Pelos relatos de seu avô, de acordo com Paulo, os jovens foram até o armazém para comprar pão com mortadela para fazer um lanche e retornar onde estava a tropa, próximo da cadeia, mas daí houve a confusão, que culminou com a tragédia. Ele falou que não sabe dizer se o seu avô esteve envolvido na história, mas que ele deve ter visto e contava detalhes. "Há controvérsias na história de ladrões de cavalo", disse.
Questionado se o seu avô contava sobre a praga do padre e se tinha ocorrido depois da morte dos jovens na cidade, segundo Paulo, o seu avô falava que era verdade, mas que aconteceu bem depois dessa história e que o motivo tinha sido que o sacerdote foi acusado de calúnia e não tinha nenhuma ligação com a tragédia dos jovens. Os relatos dizem que o padre para lá da antiga Fonte Conceição, na subida para Americana, bateu a sua batina e sandálias dizendo que daqui não queria levar nem o pó."
Bem, se há veracidade nesses acontecimentos e se realmente houve uma praga lançada por um padre contra o progresso de nossa cidade, é difícil comprovar. O fato é que a praga do padre é muitas vezes usada como justificativa. Pelo sim, pelo não, em junho de 2007 a Paróquia de Santa Bárbara realizou um evento religioso de 7 dias e 7 noites, que reuniu cerca de 1.500 pessoas, chamado "Cerco de Jericó", com o objetivo de quebrar muralhas, entre elas a da praga do padre. (5)
Eis aí a minha contribuição para os anais do folclore barbarense. Você pode até questionar se essa é uma 'razão para amar SBO'. Sim, é! Não a praga, obviamente. Mas a manutenção da memória dos nossos contos, folclore, personagens, momentos, que, de alguma forma, marcaram o passado, explicam o presente e servirão de orientação para o futuro. História não compreende apenas o registro de fatos em livros, mas aquilo que permanece na memória do seu povo.

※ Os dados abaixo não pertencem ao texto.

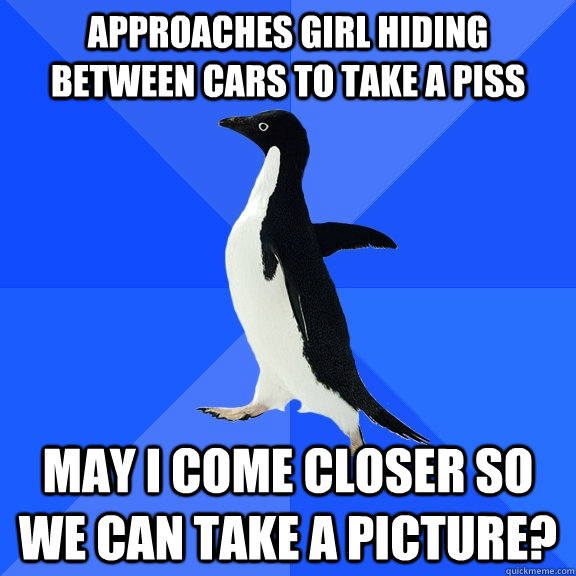 approaches girl hiding between cars to take a piss may i come closer so we can take a picture?  Socially Awkward Penguin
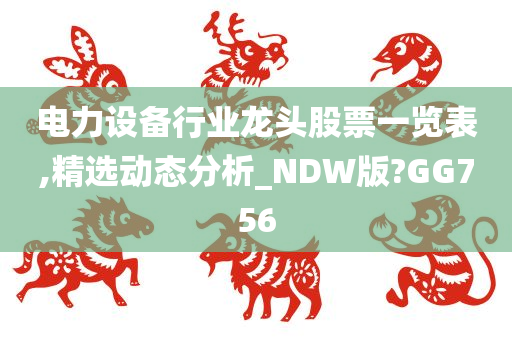 电力设备行业龙头股票一览表,精选动态分析_NDW版?GG756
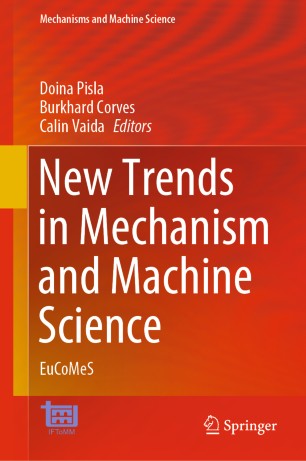 New Trends in Mechanism and Machine Science: EuCoMeS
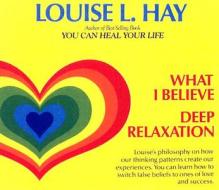 What I Believe and Deep Relaxation di Louise L. Hay edito da Hay House
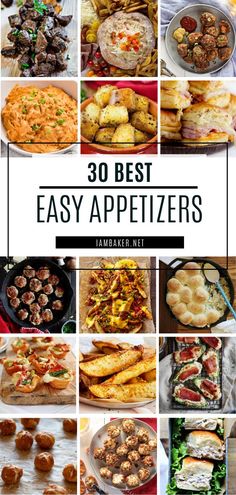 the cover of 30 best easy appetizers with pictures of different foods and desserts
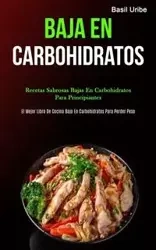 Baja En Carbohidratos - Basil Uribe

(1) Música no vídeo: "Cidade Adormecida", de Beto di Franco e Mingo Santana, do álbum "Desde Menino", de Beto di Franco
(2) Foto extraída do site da Câmara Municipal de Santa Bárbara d'Oeste (3) Consulta à edição do jornal pelo Banco de Dados do Cedoc da Fundação Romi
(4) Foto extraída do site da Fundação Romi
(5) Jornal "Diário", ed. 24/06/07
Série: 50 razões para amar SBO
Muito interessante! Eu não conhecia estas histórias.
ResponderExcluirQue ótimo poder registrá-las e manter viva a memória do povo.
Uma curiosidade: a praga afeta só a cidade ou também os cidadãos? Por exemplo, os naturais da cidade que estão morando fora...também são atingidos?...Era bom a gente saber para tomar alguma providência...
Bem, em principio a praga terminaria com a geração da época em que o fato ocorreu, mas pelo jeito ainda continua perseguindo os descendentes... Prá nossa tranquilidade, os Padovezes vieram para SBO muito tempo depois.